Vince Carter, SG/SF, Unrestricted
2016-17 Per-Game Stats: 8.0 points, 3.1 rebounds, 1.8 assists, 0.8 steals, 0.5 blocks
Vince Carter may be old, but he’s still a solid veteran for any team in the league. Couple that with his above-average NBA Math’s total points added (TPA) metric, he’s certainly able to prove that Father Time has little impact on his game.
Omri Casspi, SF, Unrestricted
2016-17 Per-Game Stats: 5.2 points, 3.1 rebounds, 1.0 assists, 0.6 steals, 0.1 blocks
Little Omri Casspi did during the 2016-17 campaign deserves much recognition. He played pretty poorly in his 22 games with the Sacramento Kings after he was inexplicably buried on the bench, suffered a thumb injury during his first game with the New Orleans Pelicans (after being traded with DeMarcus Cousins), and then failed to find his outside shot after landing with the Minnesota Timberwolves.
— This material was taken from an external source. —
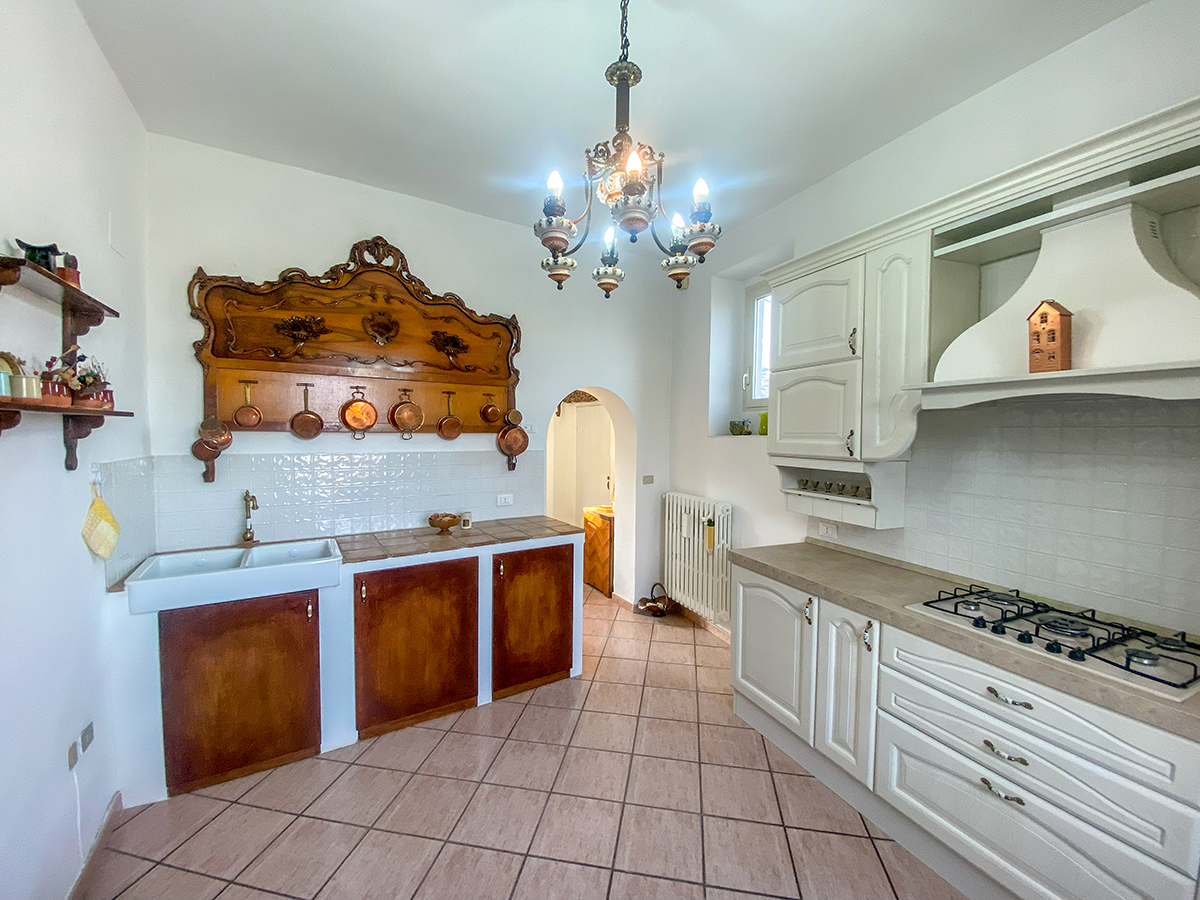 Restored 360° Historic Penthouse, Centro Storico of Penne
But if your rewind a year, Casspi had an 11.8 points, 5.9 rebounds, and 1.4 assists per game season while shooting 48.1 percent from the field and 40.9 percent from beyond the arc.
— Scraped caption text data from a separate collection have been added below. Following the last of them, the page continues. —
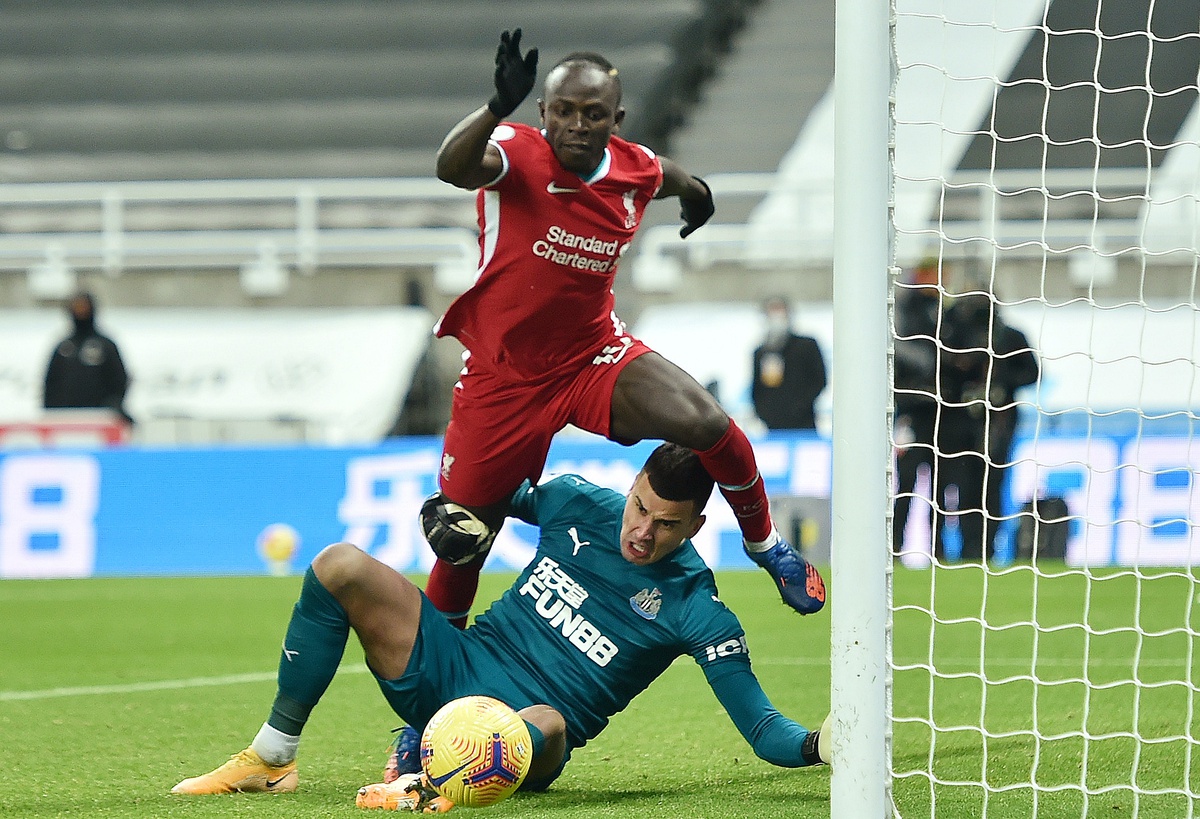 Liverpool bị cầm hòa trận thứ hai liên tiếp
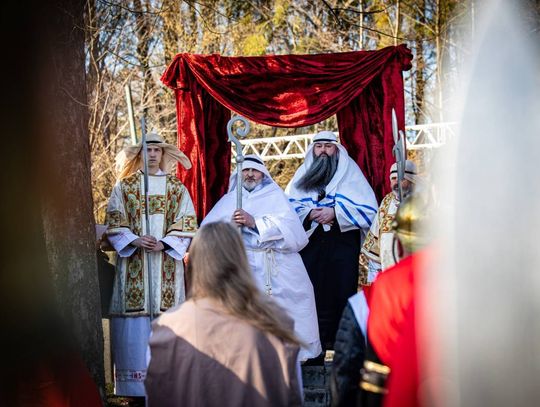 Misterium Męki Pańskiej w Zwierzyńcu - galeria zdjeć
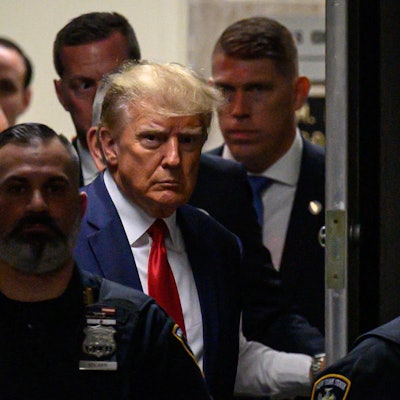 Donald Trump am Dienstag kurz vor der Anklageverlesung im Gericht in Manhattan. Nach seiner Rückkehr nach Florida attackierte der Republikaner Richter Juan Merchan.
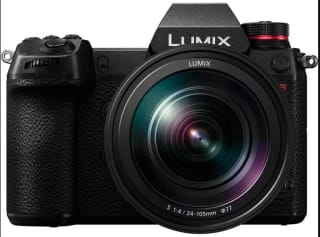 Panasonic Lumix DC-S1R + 24-105mm F/4.0 L-mount voor €2.699,95 bij Ibood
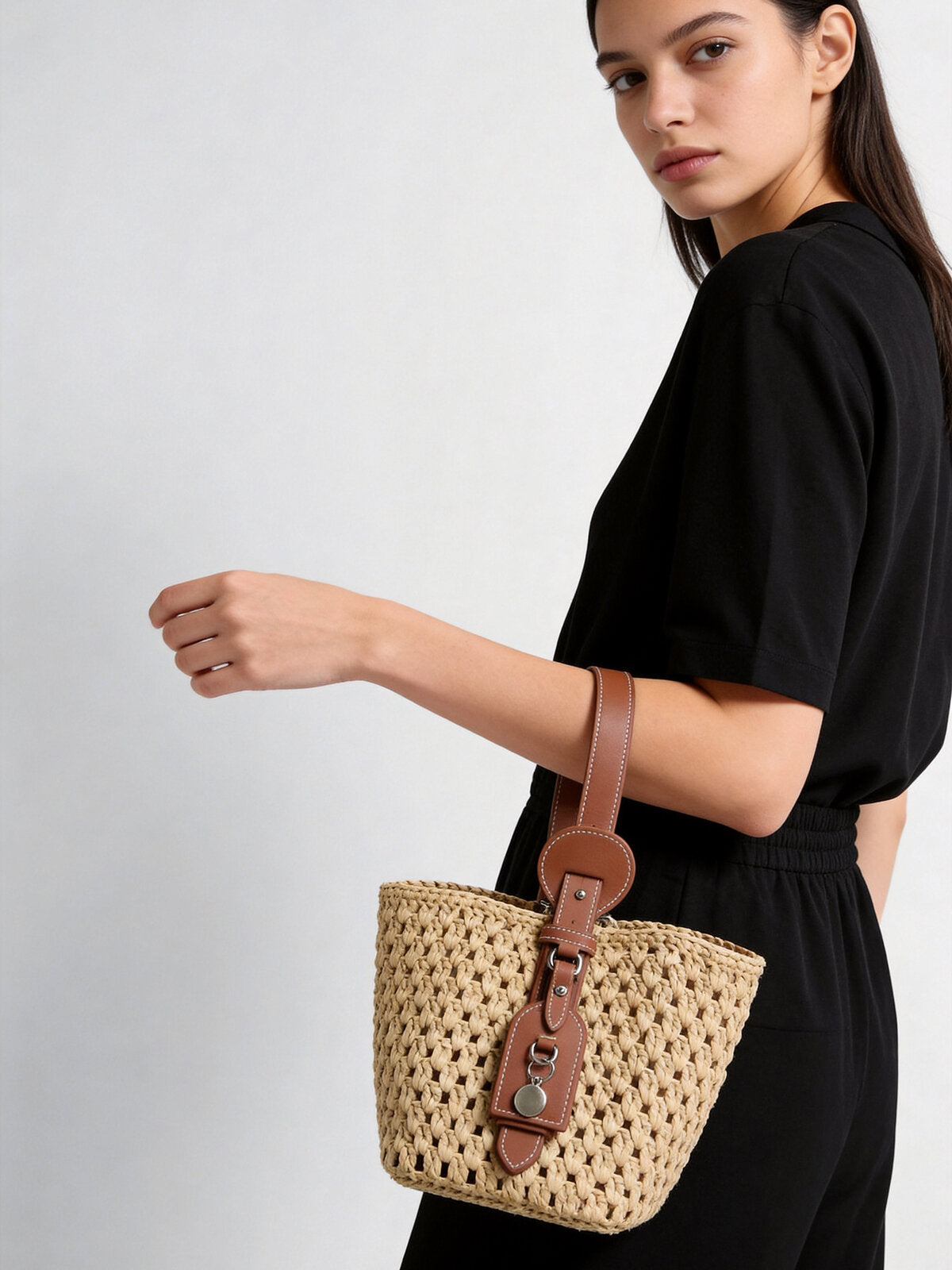 Handwoven Raffia Bucket Bag - Brown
Darren Collison, PG, Unrestricted
2016-17 Per-Game Stats: 13.2 points, 2.3 rebounds, 4.6 assists, 1.0 steals, 0.1 blocks
Three things make this 29-year old such a great value on the offensive end: his knack for finding open teammates (24.5 assist percentage), his perimeter shooting (41.7 percent on 2.6 three-point attempts per game), and his ability to minimize turnovers (12.6 turnover percentage).
His strength doesn’t lie in defense, but with Collison, you’re definitely getting some value.
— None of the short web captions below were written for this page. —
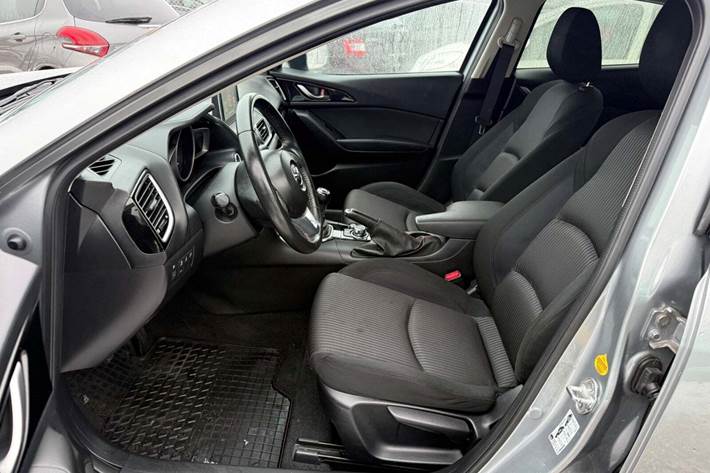 Grå Mazda 3 fra 2014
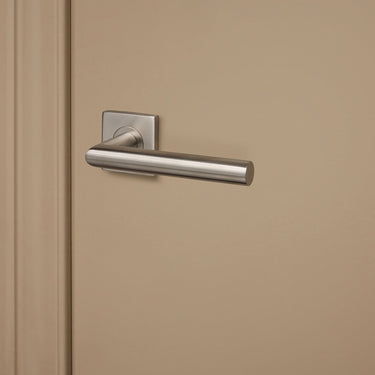 Mantua door handle stainless steel with square rosette
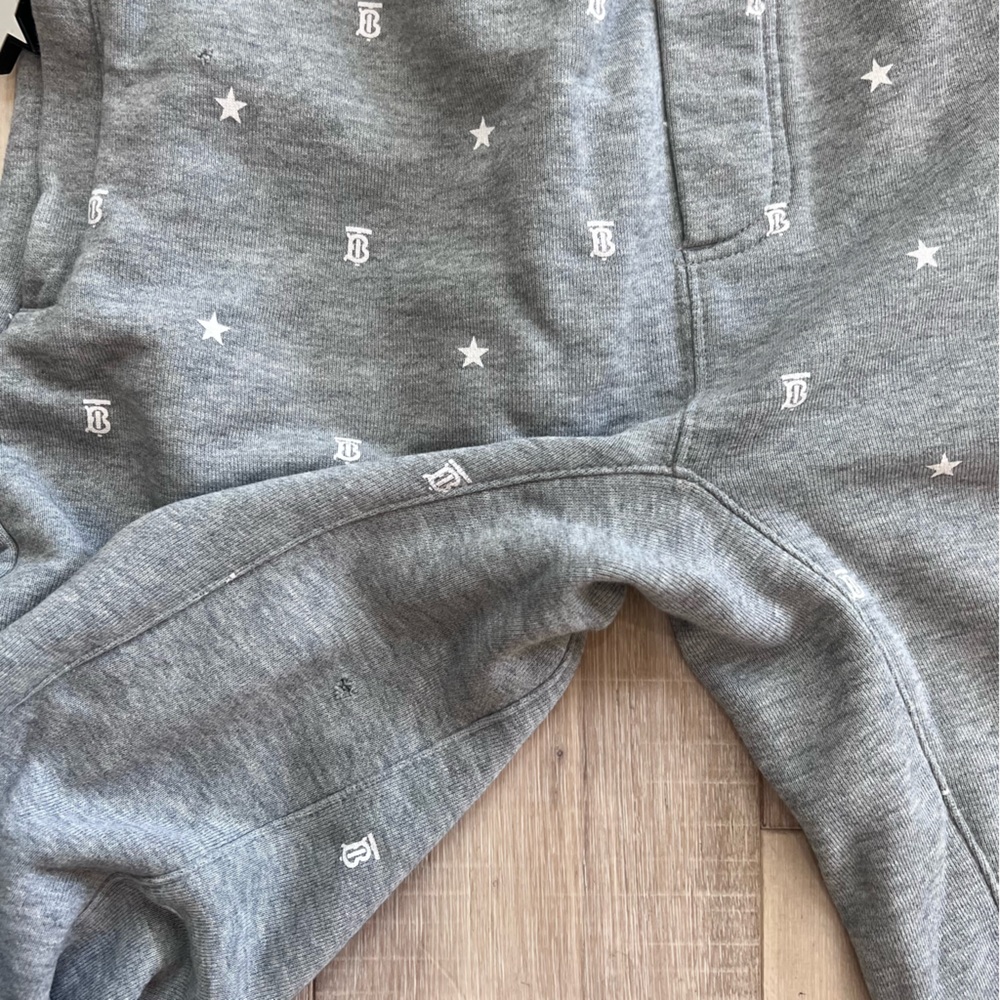 10Y Burberry Unisex Gregory Star Print Jogger & 
12Y Sweatshirt TB Monog… - Picture 12 of 16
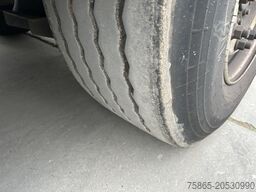 Fruehauf CNP 03 / Box / Laadklep / SAF Schijf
Cristiano Felicio, PF/C, Restricted
2016-17 Per-Game Stats: 4.8 points, 4.7 rebounds, 0.6 assists, 0.4 steals, 0.2 blocks
Felicio isn’t necessarily superb on the offensive end, but he’s one of only 25 players to post a defensive box plus/minus (DBPM) of at least 0.5 and a total rebounding percentage north of 16.0 during both go-rounds.
Having a great rebounder with a 6’10” frame who’s capable of switching on screens is important against the league’s most dynamic offenses, and the Brazilian big man can do exactly that in spurts.
Nikola Mirotic, PF, Restricted
2016-17 Per-Game Stats: 10.6 points, 5.5 rebounds, 1.1 assists, 0.8 steals, 0.8 blocks
You’ve definitely heard of Nikola Mirotic if you follow the league relatively. During his last 16 appearances in 2016-17, Mirotic averaged 15.8 points and 6.8 rebounds while shooting 47.1 percent from the field, 43.5 percent from downtown and 80.6 percent of his free-throw attempts.
Here’s a statement from The Athletic’s Will Gottlieb:
Defensively, Mirotic has a reputation as an incapable defender, but that could not be further from the truth. According to Synergy, Mirotic ranks in the 95th percentile in half court defense, allowing only 0.769 points per possession. This matches my eye test. Mirotic has great awareness and knows how to position himself on defense to support the backside, help on drives and contest kick-outs. He is also a phenomenal pick-and-roll container, ranking in the 85th percentile. While he is made to look silly against the speediest point guards, he does the subtle things right.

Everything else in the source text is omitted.